→ **What you are asked to do**
Write out exactly the lines of the entries below from the one holding "Volkswagen Phaeton Windshield trim" to the one holding "152 Deming St, South Windsor, CT 06074", inclusive, and leave out all other lines.

→ **Data for this exercise**
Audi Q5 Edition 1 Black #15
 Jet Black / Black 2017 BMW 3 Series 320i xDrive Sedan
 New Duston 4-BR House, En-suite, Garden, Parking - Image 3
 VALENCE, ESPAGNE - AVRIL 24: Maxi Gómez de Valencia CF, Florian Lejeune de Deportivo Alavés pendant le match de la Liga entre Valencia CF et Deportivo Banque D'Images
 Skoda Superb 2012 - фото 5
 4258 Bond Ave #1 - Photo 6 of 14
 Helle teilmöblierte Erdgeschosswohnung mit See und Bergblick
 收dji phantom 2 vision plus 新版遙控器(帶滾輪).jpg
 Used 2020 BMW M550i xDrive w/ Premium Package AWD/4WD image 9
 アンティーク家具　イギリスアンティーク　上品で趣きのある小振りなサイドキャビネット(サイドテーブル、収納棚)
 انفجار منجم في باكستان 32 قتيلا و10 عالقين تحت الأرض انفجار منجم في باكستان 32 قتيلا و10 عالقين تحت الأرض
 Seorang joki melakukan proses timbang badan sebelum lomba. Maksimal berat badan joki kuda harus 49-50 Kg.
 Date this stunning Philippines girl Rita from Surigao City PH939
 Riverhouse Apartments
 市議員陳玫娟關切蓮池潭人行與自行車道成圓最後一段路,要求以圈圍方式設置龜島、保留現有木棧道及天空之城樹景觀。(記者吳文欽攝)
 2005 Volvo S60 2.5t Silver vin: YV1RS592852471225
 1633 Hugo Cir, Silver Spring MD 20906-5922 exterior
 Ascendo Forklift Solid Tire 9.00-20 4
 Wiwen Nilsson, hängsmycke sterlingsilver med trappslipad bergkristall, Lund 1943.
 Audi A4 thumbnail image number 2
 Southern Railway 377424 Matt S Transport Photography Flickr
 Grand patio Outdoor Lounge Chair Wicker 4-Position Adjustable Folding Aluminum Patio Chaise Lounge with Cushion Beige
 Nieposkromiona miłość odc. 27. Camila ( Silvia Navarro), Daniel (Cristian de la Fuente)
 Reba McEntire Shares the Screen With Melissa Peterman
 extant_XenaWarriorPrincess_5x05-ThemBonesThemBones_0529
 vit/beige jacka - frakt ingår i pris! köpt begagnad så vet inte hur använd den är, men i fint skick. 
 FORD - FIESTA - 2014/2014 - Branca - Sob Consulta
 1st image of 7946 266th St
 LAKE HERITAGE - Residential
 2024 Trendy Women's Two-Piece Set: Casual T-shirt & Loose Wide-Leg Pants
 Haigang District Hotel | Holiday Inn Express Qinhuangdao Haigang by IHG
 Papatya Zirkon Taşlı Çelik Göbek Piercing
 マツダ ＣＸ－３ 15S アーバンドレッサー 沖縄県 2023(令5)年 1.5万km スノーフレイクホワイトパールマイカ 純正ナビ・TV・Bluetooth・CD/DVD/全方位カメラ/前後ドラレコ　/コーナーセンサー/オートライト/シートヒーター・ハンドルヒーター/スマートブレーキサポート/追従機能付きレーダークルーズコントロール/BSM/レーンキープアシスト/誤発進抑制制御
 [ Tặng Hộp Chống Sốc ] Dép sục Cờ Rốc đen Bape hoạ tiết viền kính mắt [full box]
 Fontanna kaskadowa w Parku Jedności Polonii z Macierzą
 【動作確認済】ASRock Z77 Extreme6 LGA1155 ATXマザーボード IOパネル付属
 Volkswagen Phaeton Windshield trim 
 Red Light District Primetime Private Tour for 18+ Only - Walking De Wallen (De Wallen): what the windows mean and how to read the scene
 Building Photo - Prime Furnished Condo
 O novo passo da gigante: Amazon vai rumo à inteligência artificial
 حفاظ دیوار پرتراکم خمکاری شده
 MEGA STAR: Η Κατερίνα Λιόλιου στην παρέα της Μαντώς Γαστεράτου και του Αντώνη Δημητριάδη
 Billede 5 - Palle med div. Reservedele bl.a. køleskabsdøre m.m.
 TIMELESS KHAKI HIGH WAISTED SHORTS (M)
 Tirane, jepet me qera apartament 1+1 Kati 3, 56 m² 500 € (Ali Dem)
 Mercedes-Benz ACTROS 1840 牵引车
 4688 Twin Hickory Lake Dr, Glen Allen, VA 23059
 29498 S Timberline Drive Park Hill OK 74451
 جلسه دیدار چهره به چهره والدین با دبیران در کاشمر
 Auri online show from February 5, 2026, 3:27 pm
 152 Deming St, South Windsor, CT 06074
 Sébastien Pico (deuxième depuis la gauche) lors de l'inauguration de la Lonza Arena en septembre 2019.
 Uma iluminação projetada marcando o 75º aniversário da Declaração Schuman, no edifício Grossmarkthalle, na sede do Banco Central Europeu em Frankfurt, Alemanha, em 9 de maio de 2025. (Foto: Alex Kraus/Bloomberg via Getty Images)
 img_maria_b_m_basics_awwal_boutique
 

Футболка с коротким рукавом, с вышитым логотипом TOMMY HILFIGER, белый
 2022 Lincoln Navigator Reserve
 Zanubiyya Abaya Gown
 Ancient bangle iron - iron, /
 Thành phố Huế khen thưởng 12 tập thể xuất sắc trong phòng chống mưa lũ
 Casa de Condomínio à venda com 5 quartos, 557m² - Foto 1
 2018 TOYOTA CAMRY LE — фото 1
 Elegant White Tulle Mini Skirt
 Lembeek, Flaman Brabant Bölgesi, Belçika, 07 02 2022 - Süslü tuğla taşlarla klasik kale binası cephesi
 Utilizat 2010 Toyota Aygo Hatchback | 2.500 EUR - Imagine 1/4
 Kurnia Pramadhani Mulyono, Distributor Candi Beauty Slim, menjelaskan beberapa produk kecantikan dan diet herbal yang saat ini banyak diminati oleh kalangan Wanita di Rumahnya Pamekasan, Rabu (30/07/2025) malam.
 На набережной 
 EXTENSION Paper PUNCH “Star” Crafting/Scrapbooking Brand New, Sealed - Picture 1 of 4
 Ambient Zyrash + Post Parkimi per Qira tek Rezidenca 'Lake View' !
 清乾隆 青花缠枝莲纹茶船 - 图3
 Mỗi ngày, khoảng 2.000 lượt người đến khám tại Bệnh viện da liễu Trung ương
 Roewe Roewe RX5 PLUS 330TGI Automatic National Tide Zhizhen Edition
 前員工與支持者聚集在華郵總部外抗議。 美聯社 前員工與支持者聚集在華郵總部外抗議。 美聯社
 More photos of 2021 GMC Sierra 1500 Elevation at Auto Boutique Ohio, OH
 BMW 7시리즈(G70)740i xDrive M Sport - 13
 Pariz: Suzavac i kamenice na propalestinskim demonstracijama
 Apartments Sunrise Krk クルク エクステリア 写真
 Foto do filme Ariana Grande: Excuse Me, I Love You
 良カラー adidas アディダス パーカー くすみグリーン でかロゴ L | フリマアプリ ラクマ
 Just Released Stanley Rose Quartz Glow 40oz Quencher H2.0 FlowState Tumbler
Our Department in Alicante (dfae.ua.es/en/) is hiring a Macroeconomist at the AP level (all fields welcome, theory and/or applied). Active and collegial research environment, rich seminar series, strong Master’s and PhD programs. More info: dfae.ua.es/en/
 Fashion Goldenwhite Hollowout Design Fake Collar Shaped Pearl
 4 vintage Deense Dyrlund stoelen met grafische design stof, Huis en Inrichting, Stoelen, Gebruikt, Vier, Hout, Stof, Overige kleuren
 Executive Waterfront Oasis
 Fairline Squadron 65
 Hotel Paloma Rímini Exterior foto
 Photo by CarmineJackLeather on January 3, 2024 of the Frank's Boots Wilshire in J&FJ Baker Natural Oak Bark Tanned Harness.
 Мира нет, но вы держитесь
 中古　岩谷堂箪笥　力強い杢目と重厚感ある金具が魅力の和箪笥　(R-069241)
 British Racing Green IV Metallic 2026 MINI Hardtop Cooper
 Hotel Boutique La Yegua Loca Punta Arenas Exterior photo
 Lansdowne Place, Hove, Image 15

→ **Answer to this exercise**
 Volkswagen Phaeton Windshield trim 
 Red Light District Primetime Private Tour for 18+ Only - Walking De Wallen (De Wallen): what the windows mean and how to read the scene
 Building Photo - Prime Furnished Condo
 O novo passo da gigante: Amazon vai rumo à inteligência artificial
 حفاظ دیوار پرتراکم خمکاری شده
 MEGA STAR: Η Κατερίνα Λιόλιου στην παρέα της Μαντώς Γαστεράτου και του Αντώνη Δημητριάδη
 Billede 5 - Palle med div. Reservedele bl.a. køleskabsdøre m.m.
 TIMELESS KHAKI HIGH WAISTED SHORTS (M)
 Tirane, jepet me qera apartament 1+1 Kati 3, 56 m² 500 € (Ali Dem)
 Mercedes-Benz ACTROS 1840 牵引车
 4688 Twin Hickory Lake Dr, Glen Allen, VA 23059
 29498 S Timberline Drive Park Hill OK 74451
 جلسه دیدار چهره به چهره والدین با دبیران در کاشمر
 Auri online show from February 5, 2026, 3:27 pm
 152 Deming St, South Windsor, CT 06074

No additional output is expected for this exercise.